What you will do » Report every line of the data that includes "Green".

Data for this task »
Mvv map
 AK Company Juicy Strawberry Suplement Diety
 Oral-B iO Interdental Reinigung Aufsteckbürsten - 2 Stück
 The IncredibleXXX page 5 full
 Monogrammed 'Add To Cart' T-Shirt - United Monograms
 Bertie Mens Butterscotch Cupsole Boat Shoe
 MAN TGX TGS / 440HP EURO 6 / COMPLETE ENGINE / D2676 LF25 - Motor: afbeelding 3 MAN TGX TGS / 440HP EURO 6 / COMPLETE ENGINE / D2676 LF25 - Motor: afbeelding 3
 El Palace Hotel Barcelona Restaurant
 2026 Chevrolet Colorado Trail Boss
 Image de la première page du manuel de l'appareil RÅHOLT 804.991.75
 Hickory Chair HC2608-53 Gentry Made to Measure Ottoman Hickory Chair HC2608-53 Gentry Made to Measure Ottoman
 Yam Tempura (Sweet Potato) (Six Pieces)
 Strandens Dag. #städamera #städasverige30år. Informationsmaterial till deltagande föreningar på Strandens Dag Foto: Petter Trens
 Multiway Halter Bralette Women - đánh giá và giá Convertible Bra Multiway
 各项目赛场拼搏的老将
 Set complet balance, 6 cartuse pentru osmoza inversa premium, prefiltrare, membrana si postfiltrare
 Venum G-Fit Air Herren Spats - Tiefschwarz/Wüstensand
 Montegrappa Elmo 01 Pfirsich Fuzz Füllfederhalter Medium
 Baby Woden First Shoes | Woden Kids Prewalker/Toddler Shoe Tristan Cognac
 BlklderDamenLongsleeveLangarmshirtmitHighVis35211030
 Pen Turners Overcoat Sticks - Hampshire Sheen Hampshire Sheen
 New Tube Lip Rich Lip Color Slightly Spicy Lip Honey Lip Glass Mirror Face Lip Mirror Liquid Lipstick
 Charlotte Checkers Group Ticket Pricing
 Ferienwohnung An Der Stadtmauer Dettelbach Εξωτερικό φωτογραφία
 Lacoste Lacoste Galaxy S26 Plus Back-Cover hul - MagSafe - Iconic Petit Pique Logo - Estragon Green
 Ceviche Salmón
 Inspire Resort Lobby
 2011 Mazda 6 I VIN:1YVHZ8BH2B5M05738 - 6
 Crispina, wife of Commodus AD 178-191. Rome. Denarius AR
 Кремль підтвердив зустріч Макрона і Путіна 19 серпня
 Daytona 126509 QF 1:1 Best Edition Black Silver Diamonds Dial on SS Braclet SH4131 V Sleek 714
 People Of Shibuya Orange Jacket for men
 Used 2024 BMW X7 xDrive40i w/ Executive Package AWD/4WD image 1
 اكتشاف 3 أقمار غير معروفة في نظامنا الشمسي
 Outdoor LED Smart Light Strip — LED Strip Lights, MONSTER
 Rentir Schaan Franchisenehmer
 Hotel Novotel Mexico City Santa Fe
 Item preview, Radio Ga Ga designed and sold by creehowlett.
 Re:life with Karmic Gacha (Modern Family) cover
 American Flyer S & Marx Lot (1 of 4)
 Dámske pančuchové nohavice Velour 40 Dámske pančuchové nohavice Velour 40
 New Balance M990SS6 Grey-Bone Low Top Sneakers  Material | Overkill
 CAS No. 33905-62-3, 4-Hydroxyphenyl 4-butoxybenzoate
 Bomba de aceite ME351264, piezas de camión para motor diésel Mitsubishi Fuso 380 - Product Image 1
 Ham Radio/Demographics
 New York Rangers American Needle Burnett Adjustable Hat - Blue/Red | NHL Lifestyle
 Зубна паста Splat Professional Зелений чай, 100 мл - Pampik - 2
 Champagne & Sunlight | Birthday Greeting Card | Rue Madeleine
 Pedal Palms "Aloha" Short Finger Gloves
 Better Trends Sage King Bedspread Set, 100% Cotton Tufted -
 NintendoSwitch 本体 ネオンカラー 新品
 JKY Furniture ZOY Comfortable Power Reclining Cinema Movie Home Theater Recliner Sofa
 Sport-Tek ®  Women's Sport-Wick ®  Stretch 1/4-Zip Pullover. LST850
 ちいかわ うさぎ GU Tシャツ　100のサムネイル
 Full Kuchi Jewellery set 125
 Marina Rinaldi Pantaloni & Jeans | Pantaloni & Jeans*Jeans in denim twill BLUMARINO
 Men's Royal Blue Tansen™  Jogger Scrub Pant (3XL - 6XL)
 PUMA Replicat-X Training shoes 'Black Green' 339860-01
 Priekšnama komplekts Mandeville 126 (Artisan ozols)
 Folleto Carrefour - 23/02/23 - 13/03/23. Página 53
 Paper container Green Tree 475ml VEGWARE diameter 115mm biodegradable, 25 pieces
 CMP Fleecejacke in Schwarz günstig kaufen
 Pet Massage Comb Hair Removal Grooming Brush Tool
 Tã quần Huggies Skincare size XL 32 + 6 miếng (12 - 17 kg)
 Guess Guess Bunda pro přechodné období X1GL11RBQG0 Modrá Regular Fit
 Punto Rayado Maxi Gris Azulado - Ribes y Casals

Result for this exercise »
 Lacoste Lacoste Galaxy S26 Plus Back-Cover hul - MagSafe - Iconic Petit Pique Logo - Estragon Green
 PUMA Replicat-X Training shoes 'Black Green' 339860-01
 Paper container Green Tree 475ml VEGWARE diameter 115mm biodegradable, 25 pieces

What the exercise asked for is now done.